[security-dev] [PicketLink IDM] - File-based Identity Store
Hi All,
Would like to know your opnion about how we're storing identity information using
the File-based Identity Store and discuss possible alternatives.
Just for background, the motivation behind the file-based store is to provide a fast,
ready-to-use and simple store, ideally for test and development scenarios/environments.
The configuration is minimal and requires the file system.
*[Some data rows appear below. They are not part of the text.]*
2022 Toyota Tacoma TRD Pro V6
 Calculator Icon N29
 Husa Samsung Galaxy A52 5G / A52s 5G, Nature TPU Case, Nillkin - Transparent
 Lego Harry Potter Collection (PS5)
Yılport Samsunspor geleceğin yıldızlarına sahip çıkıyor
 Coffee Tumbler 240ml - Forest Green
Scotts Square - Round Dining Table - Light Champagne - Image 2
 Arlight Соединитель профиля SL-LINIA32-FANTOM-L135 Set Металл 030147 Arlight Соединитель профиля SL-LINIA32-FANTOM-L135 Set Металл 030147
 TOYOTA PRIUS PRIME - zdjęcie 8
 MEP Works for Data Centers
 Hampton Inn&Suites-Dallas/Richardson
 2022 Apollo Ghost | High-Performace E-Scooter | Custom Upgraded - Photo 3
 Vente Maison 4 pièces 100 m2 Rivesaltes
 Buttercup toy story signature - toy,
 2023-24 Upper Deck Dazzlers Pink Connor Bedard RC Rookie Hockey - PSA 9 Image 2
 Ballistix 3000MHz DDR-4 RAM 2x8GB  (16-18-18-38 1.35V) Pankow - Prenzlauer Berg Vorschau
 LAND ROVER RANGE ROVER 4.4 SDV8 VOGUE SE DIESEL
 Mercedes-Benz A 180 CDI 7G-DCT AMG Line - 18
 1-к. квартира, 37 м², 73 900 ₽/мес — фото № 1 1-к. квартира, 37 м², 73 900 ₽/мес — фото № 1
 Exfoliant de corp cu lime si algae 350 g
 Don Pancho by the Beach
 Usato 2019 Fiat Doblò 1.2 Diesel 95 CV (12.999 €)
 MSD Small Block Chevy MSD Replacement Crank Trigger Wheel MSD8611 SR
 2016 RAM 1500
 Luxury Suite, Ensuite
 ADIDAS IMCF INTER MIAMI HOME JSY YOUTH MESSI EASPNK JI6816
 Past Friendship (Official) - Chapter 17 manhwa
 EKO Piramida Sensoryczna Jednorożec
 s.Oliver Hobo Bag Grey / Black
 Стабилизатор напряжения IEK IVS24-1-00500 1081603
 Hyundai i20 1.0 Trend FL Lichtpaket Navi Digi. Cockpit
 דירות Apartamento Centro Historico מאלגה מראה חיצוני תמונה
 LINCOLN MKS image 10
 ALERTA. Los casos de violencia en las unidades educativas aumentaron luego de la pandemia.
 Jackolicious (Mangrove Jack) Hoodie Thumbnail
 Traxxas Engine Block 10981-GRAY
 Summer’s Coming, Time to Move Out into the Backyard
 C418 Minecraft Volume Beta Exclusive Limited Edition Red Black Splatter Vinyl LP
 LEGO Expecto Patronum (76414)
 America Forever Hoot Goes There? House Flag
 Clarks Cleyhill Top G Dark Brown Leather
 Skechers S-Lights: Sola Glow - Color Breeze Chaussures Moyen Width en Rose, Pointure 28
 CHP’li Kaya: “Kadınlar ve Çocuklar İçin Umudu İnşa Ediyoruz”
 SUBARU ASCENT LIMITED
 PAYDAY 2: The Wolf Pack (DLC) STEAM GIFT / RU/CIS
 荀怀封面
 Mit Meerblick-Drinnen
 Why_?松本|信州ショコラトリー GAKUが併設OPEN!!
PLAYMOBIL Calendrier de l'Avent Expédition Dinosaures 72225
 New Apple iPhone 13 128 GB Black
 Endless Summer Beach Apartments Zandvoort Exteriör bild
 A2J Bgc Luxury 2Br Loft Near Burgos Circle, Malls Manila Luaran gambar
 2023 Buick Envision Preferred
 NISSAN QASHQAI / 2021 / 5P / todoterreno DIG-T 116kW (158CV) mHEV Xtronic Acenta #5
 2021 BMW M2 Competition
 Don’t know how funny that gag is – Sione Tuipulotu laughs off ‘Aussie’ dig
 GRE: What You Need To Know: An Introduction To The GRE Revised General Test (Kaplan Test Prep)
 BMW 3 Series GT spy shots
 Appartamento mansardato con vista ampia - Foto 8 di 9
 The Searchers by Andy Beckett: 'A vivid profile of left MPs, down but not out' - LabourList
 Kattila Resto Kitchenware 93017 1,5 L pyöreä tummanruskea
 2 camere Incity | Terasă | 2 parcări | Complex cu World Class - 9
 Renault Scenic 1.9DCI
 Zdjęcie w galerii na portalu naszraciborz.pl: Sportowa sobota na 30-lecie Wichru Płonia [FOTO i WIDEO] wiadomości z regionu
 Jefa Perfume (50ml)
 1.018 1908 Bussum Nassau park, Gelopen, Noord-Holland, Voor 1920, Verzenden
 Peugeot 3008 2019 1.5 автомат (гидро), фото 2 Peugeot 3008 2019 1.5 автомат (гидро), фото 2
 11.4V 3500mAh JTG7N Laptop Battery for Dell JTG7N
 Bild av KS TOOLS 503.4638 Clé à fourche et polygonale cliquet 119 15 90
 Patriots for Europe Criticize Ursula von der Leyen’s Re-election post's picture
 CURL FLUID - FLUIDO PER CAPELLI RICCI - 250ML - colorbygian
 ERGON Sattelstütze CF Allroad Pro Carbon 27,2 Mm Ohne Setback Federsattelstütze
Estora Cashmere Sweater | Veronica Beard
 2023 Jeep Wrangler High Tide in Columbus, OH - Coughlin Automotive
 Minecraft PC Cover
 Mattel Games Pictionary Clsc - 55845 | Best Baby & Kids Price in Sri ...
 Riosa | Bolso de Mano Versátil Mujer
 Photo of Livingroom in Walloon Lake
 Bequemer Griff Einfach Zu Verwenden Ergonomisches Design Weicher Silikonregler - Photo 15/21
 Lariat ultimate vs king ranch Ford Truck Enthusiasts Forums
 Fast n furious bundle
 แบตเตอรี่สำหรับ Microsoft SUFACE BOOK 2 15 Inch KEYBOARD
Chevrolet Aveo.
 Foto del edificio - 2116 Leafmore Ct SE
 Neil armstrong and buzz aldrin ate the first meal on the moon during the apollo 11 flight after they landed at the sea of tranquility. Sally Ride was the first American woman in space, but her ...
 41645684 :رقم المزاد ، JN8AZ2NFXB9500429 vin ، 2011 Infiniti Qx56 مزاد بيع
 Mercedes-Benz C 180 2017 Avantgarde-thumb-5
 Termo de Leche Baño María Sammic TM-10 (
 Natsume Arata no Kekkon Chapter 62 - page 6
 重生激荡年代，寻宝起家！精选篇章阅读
Today we're basically serializing objects (JDK Serialization API) and storing them
into files. The layout is quite simple:
/tmp/pl-idm/:
total 4
drwxrwxr-x. 2 pedroigor pedroigor 140 Jan 18 15:20
65d62693-953c-43a6-ac43-4b655174bbb4 ----> Each Partitions has its own directory
-rw-rw-r--. 1 pedroigor pedroigor 554 Jan 18 15:20 pl-idm-partitions.db ---->
Serialized data for partitions
-rw-rw-r--. 1 pedroigor pedroigor 0 Jan 18 15:20 pl-idm-relationships.db
----> Serialized data for Relationships
/tmp/pl-idm/65d62693-953c-43a6-ac43-4b655174bbb4: ----> Partition directory.
total 8
-rw-rw-r--. 1 pedroigor pedroigor 789 Jan 18 15:20 pl-idm-agents.db ---->
Serialized data for Agents
-rw-rw-r--. 1 pedroigor pedroigor 1134 Jan 18 15:20 pl-idm-credentials.db ---->
Serialized data for Credentials
-rw-rw-r--. 1 pedroigor pedroigor 0 Jan 18 15:20 pl-idm-groups.db ---->
Serialized data for Groups
-rw-rw-r--. 1 pedroigor pedroigor 0 Jan 18 15:20 pl-idm-roles.db ---->
Serialized data for Roles
Serialization provides us a fast way to store data, but I have some concerns that I
want to share:
- As we're serializing objects, we may have to ensure compatibility with prior
versions. I think Version Control is a option here (btw, Stuart Douglas gave me some tips
about that).
- Is better to use JBoss Marshalling instead of using the JDK Serialization API
directly ? Mainly considering the JBoss ecosystem ?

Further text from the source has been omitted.